The key, he argues, is that manufacturers would need to subsidize the cost of running Best Buy stores in a fee-for-service arrangement similar to the drug industry's.

Herb Greenberg, a stocks commentator on U.S. cable channel CNBC, floated a similar but potentially crazier idea last week: That Amazon should just go ahead and buy Best Buy.

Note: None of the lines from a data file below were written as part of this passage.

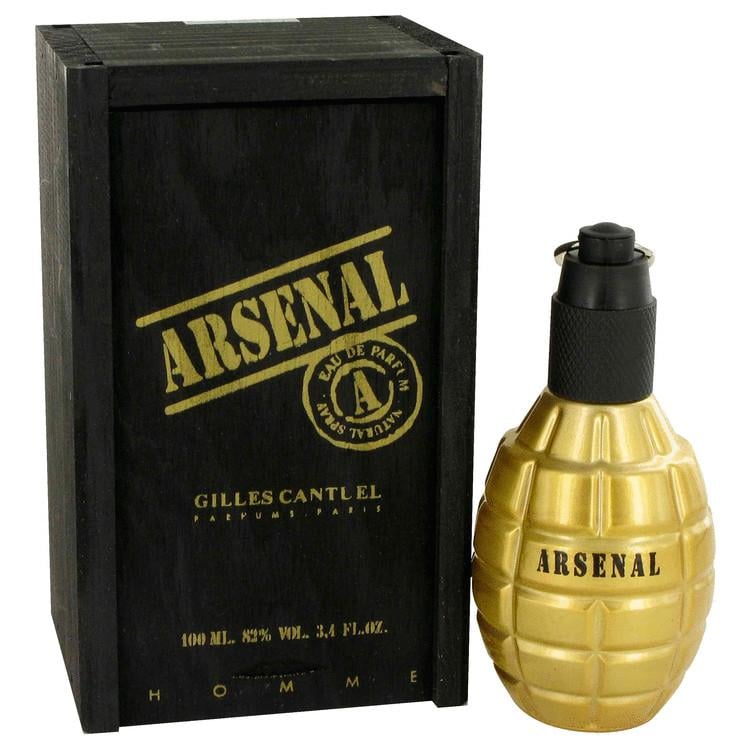 عطر Arsenal Gold من جيلس كانتول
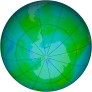 Antarctic Ozone 2002-01-07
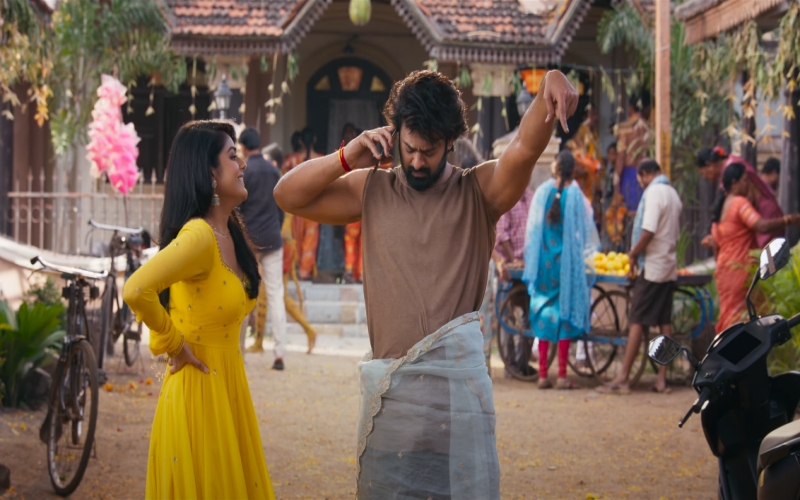 Prabhas in The RajaSaab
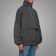 Custom-Logo-Grey-Half-Zip-Hoodie-Jersey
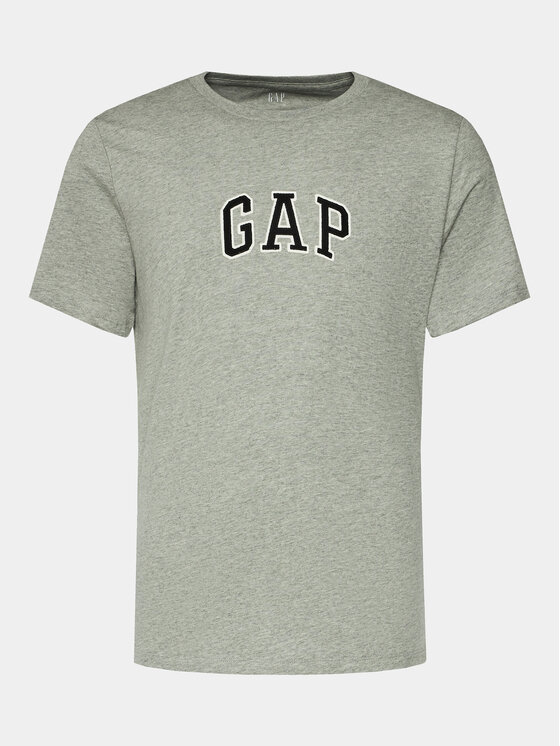 Gap T-shirt 570044-01 Siva Regular Fit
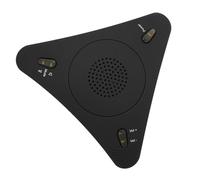 Toyvian USB Microphone Echo Canceller High Sensitivity for Distance Education Recording Laptop Game Voice Chat Microphone System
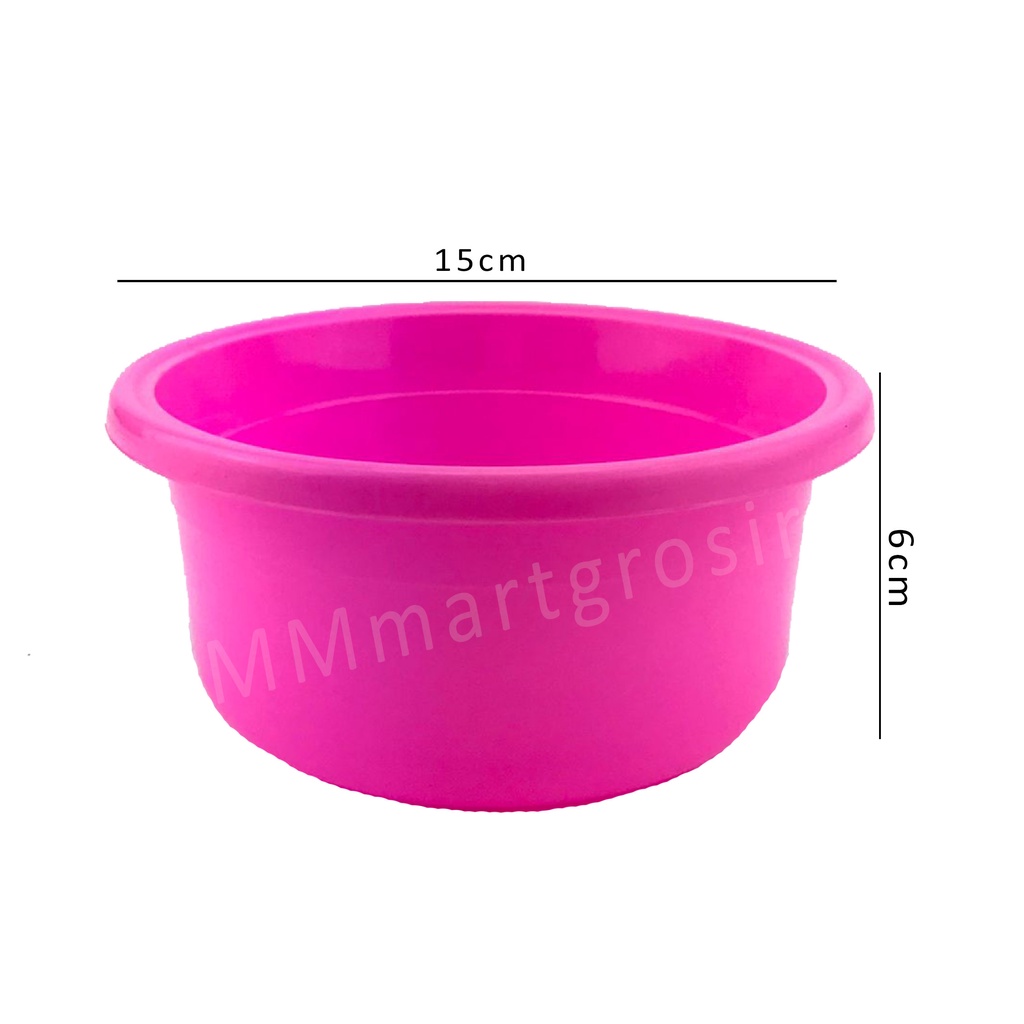 Tantos / Mangkuk Plastik / Mangkuk / 5292 Pink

"I'm not totally nuts," he felt the need to say. "No matter what anybody will tell you, when it comes to new electronics and other products, such as appliances, most people still want to feel, touch, and hold them – and maybe even actively be sold by somebody who can explain how they work."

Amazon's "key advantage" of being exempt from charging state sales taxes is "becoming less of an edge" as more states impose taxes on online sales, he says. Plus, Amazon' sales growth and operating margins are decelerating, Mr. Greenberg notes.

With a purchase of Best Buy, "Overnight Amazon would have 1,000 well-located Internet showrooms with little in the way of inventory (or maybe a lot of inventory – still to be hashed out in my head) but a way to accelerate sales," Mr. Greenberg said.

The purchase would push Amazon close to $100-billion in sales, and, he said, "with its stock trading at 95-times forward earnings, what a better time to use its stock as currency?"

These kinds of ideas illustrate the depth of the structural problem in Best Buy's business. Mr. Schulze's offer of $24 to $26 per share is a large premium to Friday's $17.64 closing price.

Yet the shares struggled to stay above $20 in Monday afternoon trading, suggesting deep skepticism that the offer will succeed. And even deeper skepticism that the chain could fetch $31 to $33 per share, per estimates cited by analyst Brian Sozzi of NBG Productions in a story by Reuters.

If Mr. Schulze succeeds in financing his offer, Best Buy shareholders may find that it's the best buy they can get.